Change subject: [consensus_queue] fix race in UpdateLagMetrics()
......................................................................
[consensus_queue] fix race in UpdateLagMetrics()
TSAN reports warnings on races on writing/reading the
QueueState::last_idx_appended_to_leader field:
CatalogManagerTskITest.LeadershipChangeOnTskGeneration: WARNING:
ThreadSanitizer: data race (pid=2710) Write of size 8 at 0x7d500003e480 by
thread T33 (mutexes: write M1863, write M1821):
#0 kudu::consensus::PeerMessageQueue::UpdateLastIndexAppendedToLeader(long)
consensus/consensus_queue.cc:607:44
#1
kudu::consensus::RaftConsensus::UpdateReplica(kudu::consensus::ConsensusRequestPB
const*, kudu::consensus::ConsensusResponsePB*)
consensus/raft_consensus.cc:1155:13
#2
kudu::consensus::RaftConsensus::Update(kudu::consensus::ConsensusRequestPB
const*, kudu::consensus::ConsensusResponsePB*)
consensus/raft_consensus.cc:752:14
#3
kudu::tserver::ConsensusServiceImpl::UpdateConsensus(kudu::consensus::ConsensusRequestPB
const*, kudu::consensus::ConsensusResponsePB*, kudu::rpc::RpcContext*)
tserver/tablet_service.cc:861:25
#4
kudu::consensus::ConsensusServiceIf::ConsensusServiceIf(scoped_refptr<kudu::MetricEntity>
const&, scoped_refptr<kudu::rpc::ResultTracker>
const&)::$_1::operator()(google::protobuf::Message const*,
google::protobuf::Message*, kudu::rpc::RpcContext*) const
consensus/consensus.service.cc:100:13
... skipped ...
Previous read of size 8 at 0x7d500003e480 by thread T79 (mutexes: write
M1822):
#0 kudu::consensus::PeerMessageQueue::UpdateLagMetrics()
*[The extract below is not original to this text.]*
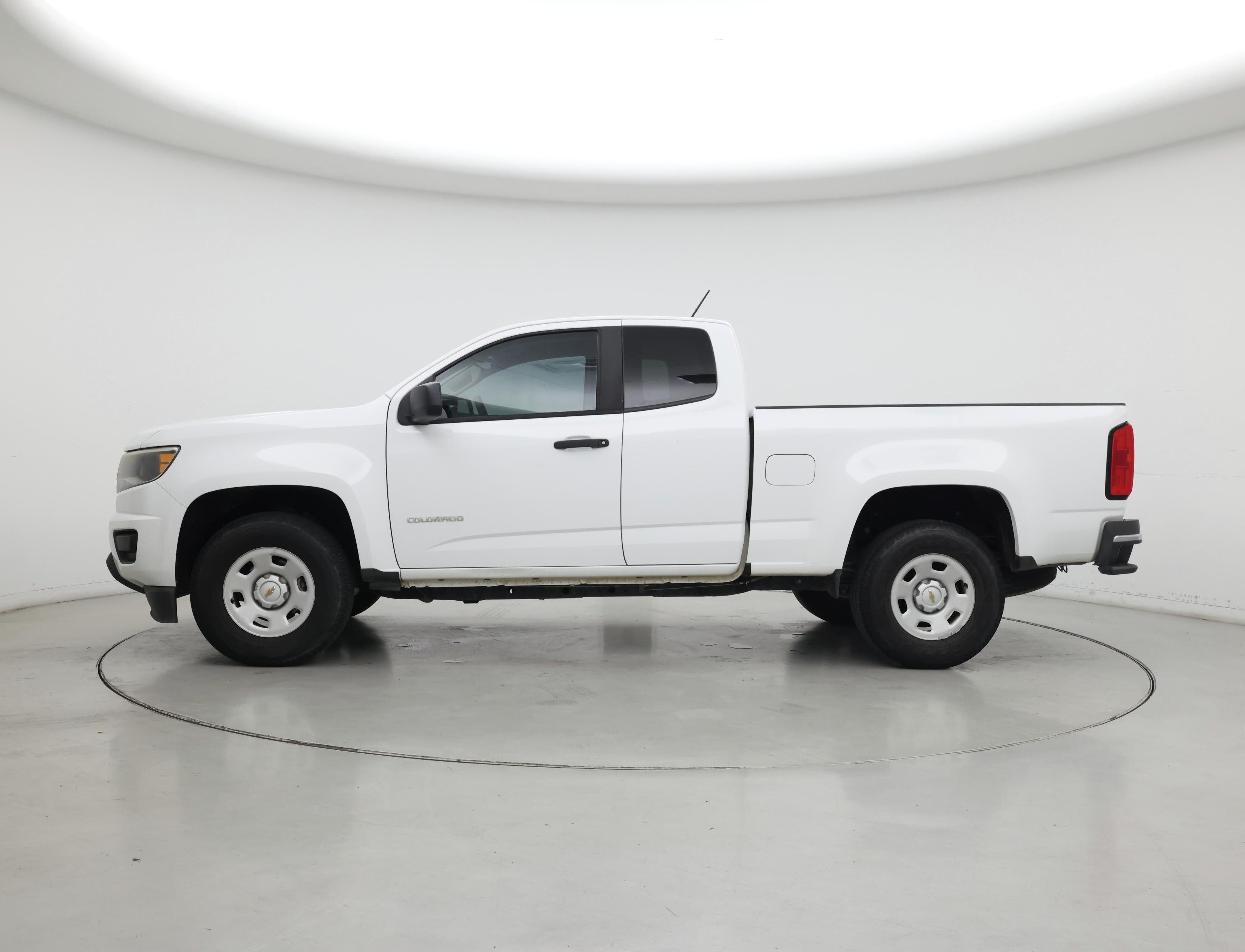 Thumbnail: 2020 Chevrolet Colorado - 3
consensus/consensus_queue.cc:602:20
#1 kudu::consensus::PeerMessageQueue::UpdateMetrics()
consensus/consensus_queue.cc:875:3
#2
kudu::consensus::PeerMessageQueue::ResponseFromPeer(std::__1::basic_string<char,
std::__1::char_traits<char>, std::__1::allocator<char> > const&,
kudu::consensus::ConsensusResponsePB const&, bool*)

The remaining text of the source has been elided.